In this guide, I’ll try to condense all those lessons I learned back then, as well as the other ones I’ve learned since then.
The easiest way to get a good drum sound is to have a drum kit that’s actually in tune. Many beginners overlook the importance of tuning the drum kit. Tuning isn’t only for guitars and other instruments. Drums need to be tuned just as well. A well-tuned drum kit needs much less work on the engineering side than a bad sounding one.
It’s a bit more difficult to tune a drum than a guitar. Unless you’re an excellent drummer (most engineers aren’t), then you will need a tool like a drum dial to get an accurate tuning.
If you are replacing the heads of all your drums and re-tuning them, follow this guide:
- Once you’ve put the heads on, push down on the head to stretch them out. You don’t want to tune a head that hasn’t been stretched out. It won’t stay in tune.
- Using a drum key, tighten the lugs in a star pattern until they’re not loose anymore. Don’t tighten them much, just enough so that they aren’t rattling.
- Put the drum dial an inch or so away from each lug and measure the pressure. Aim for 80 on the drum dial for each of the higher toms and a little lower on the floor toms.
- Tighten the lugs in a star pattern until you’ve accomplished the desired pressure at each lug.
- Now lightly tap on each part of the drum hit, about one inch from the lug to hear if all parts of the drum sound the same.
- If one part of the drum sounds higher or lower than all of the others, you need to modify it so that each place has the same sound. This will give an even tone to the whole drum.
- Repeat for all the other drums for both top and bottom heads. Tuning the drums is one of the most important things to do to a drum-kit before recording.
Tune them correctly, and your job will be easier.
Dampening Your Drum Sound
If your drums all sound in tune but they ring too much, you can dampen them with Moongels or tissue paper and tape. You don’t want toms ringing too loudly; you want a tight tone that decays rapidly but naturally.
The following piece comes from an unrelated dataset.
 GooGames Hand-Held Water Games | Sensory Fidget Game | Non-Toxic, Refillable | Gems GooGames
In case you didn’t know, moon gels are small gels that you put on the toms to kill the sustain. They still sound great when you hit them, but they don’t ring out too much, nor bleed muddiness into the other mics. You want those drums to sound powerful and heavy, but it’s terrible if your 16″ floor tom is resonating into the overheads.
It’ll be messy and muddy.
If you don’t want to spend money on moongels to dampen your toms, here’s a cheap trick you can use instead.
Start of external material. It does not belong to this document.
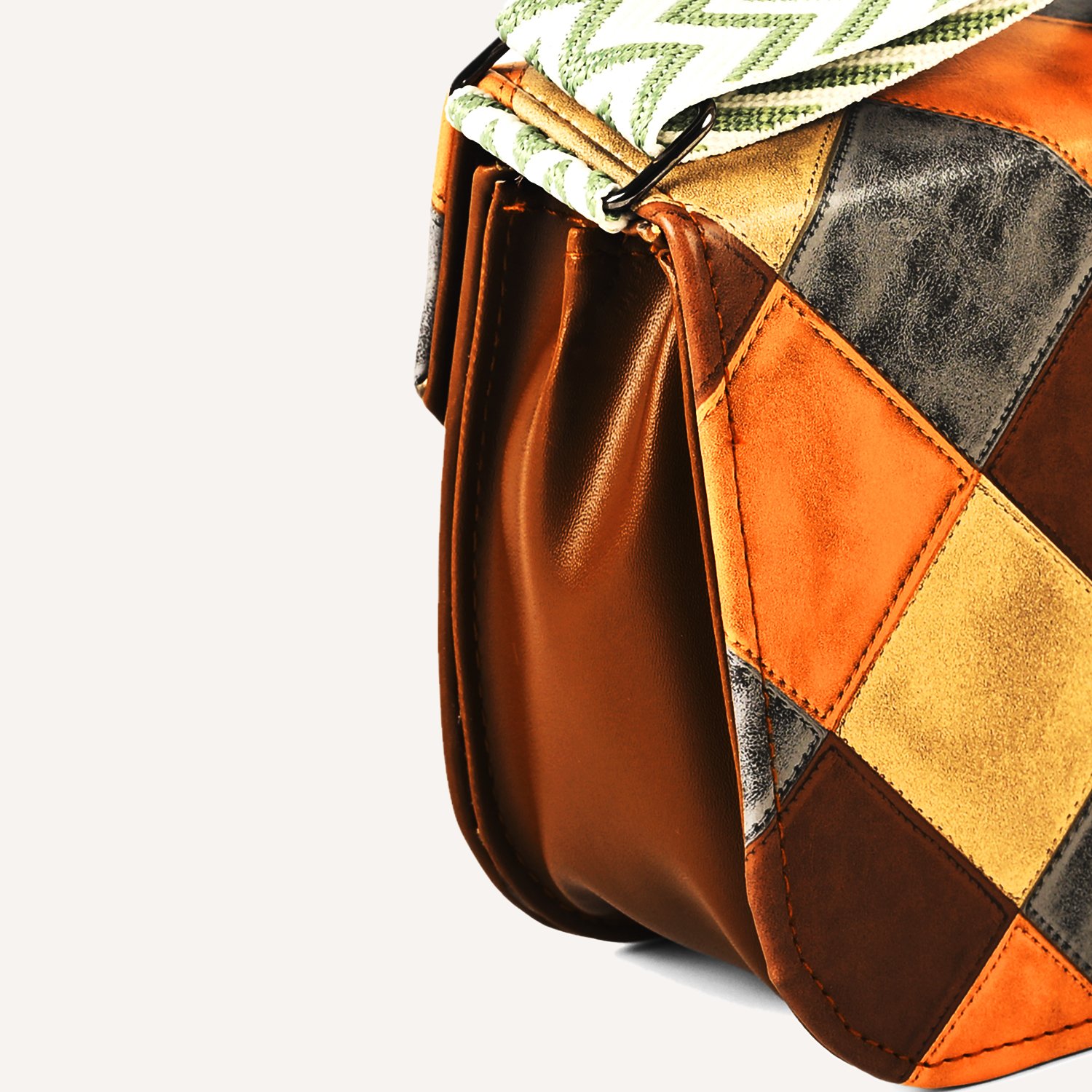 9 Premium Grey Patchwork Vegan Leather Crossbody Bag – Trendy & Versatile Statement Piece - Image 3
Go to a toy store and find those funny little miniature sticky hands instead!
They’re a little thinner, but they work just as well. And the best part is, they’re waaaaaaay cheaper than the overpriced moon gels.
So next time you’re having drum sustain problems, take a ride to the toy store and get some sticky hands to make those drums sound punchy.
When it comes to the kick drum, you don’t want it to be empty. It’ll sound too resonant. Dampen the kick drum by stuffing some blankets into it. This will tighten the sound and give you a punchier and less resonant tone.
Once you’ve tuned and dampened your drum-kit, it’s time to think about the room you’re recording in.
Different Rooms for a Different Drum Sound
Like you’ve undoubtedly noticed, not all rooms sound alike. A large concert hall sounds significantly different than your living room; therefore, your drums are going to sound different depending on the room they’re recorded in.
No one room is the most desirable of the bunch. The reason why we have so many different reverb modes is that we all have different tastes when it comes to what a good room sounds like. Some prefer halls; others prefer rooms.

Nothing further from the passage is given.